Static EQ/Center of Mass problem

[Ben is Dumb]

Homework Statement

A 65.0-kg person stands on a horizontal board. The board is 10.0-m long and is NOT perfectly uniform. The person stands 1/4 of the way from the left end of the board. The board is supported at each end by a scale. The scale on the left reads 753 N and the scale on the right reads 619 N.

What is the mass of the board?
How far from the left end is the board's center of mass?

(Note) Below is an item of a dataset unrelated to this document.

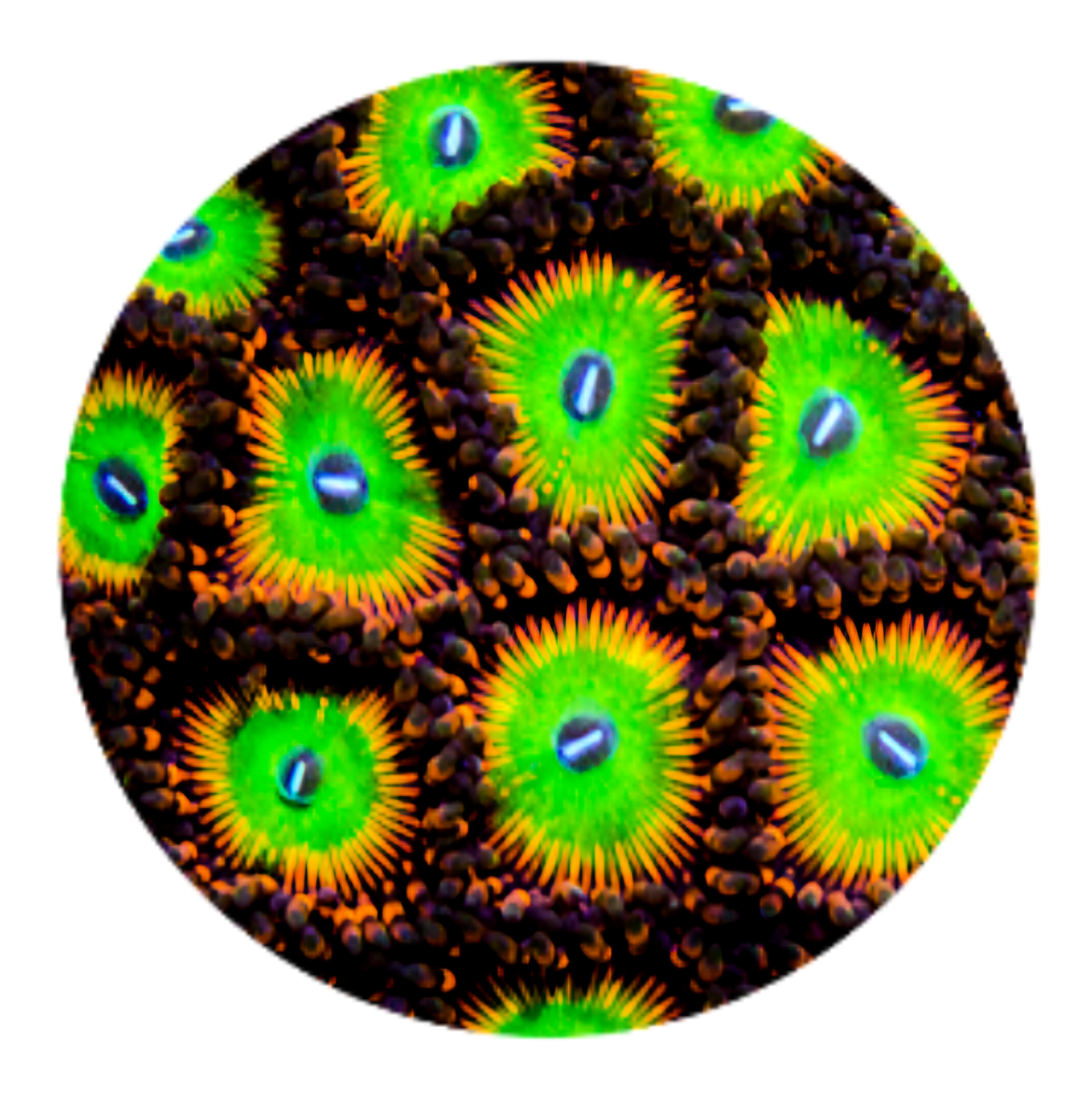 Candy Apple Orange Zoanthid - 1 Polyp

My digital drawing skills are just as solid as my math skills.

Homework Equations

None/unsure

The Attempt at a Solution

I was able to get the mass of the board (75kg) but unable to calculate the center of mass. It seems like integration would do the trick, but my class has been a bit skimpy on the calculus and I'm unsure how to set it up. Otherwise balancing the torques makes sense, but I can't get rid of the person's influence on the scales. I apologize if this isn't much of an attempt at a solution, but I've tried to look at this thing a bunch of different ways and can't seem to get very far.

Thanks for the help!

Ben

 

[PhanthomJay]

You've found the mass of the board, so now find its weight. You should be familiar with Newton's first law of rotational equilibrium: The sum of the torques of all forces about any point must equal zero. So try summing torques of all forces about the left end, to solve for the unknown distance of the center of the boards mass from the left end.

 

[Ben is Dumb]

Alright, here's what I did.

(CCW is positive)
Torque= -75kg(9.8m/s^2) X(COM) + 2.5m(65kg)(9.8m/s^2) = 0

I actually got a reasonable answer (2.17m), just not the right one (6.26m). I must still be setting something up the wrong way. Thanks for the help Jay.

 

[PhanthomJay]

The boards weight and the person's weight both produce clockwise torques about the left end, so why did you choose plus for the person's weight? Also, what about the torque from the right end reaction?

 

[Ben is Dumb]

I talked to my prof, fixed the signs and put the 619N(L) on the other side and got the correct answer. Thanks again.